MATERIAL PROVIDED section start
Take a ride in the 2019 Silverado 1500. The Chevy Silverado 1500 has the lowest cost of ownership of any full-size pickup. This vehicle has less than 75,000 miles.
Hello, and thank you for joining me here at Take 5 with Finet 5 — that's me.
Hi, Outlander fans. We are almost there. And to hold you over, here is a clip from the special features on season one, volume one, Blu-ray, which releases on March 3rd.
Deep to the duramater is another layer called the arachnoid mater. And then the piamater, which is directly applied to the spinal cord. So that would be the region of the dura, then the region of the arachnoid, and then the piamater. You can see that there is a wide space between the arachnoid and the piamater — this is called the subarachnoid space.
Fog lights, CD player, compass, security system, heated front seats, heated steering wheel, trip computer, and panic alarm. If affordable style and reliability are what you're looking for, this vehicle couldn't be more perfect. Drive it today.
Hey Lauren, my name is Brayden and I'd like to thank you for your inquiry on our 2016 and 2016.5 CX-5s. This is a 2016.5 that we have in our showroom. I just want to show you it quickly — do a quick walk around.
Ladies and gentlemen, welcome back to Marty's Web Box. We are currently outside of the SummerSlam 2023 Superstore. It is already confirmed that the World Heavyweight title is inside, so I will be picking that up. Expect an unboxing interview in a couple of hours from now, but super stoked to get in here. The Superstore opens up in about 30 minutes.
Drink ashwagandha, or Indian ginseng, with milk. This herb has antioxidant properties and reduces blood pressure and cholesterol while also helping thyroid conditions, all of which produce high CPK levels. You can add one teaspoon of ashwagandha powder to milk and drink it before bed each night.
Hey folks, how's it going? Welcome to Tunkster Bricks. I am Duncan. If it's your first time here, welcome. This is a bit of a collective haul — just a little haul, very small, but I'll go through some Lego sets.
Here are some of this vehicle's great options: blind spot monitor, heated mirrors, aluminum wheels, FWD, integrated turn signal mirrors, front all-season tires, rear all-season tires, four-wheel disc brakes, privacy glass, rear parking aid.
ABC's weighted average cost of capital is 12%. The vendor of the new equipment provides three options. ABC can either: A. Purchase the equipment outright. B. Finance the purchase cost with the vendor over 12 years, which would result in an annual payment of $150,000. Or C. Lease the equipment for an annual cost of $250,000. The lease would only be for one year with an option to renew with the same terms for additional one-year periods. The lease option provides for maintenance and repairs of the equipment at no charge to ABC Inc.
MATERIAL PROVIDED section end
PROBLEM STATEMENT ->
Whenever a line in the data holds "season", copy that line.

RESULT OF THE EXERCISE ->
Hi, Outlander fans. We are almost there. And to hold you over, here is a clip from the special features on season one, volume one, Blu-ray, which releases on March 3rd.
Here are some of this vehicle's great options: blind spot monitor, heated mirrors, aluminum wheels, FWD, integrated turn signal mirrors, front all-season tires, rear all-season tires, four-wheel disc brakes, privacy glass, rear parking aid.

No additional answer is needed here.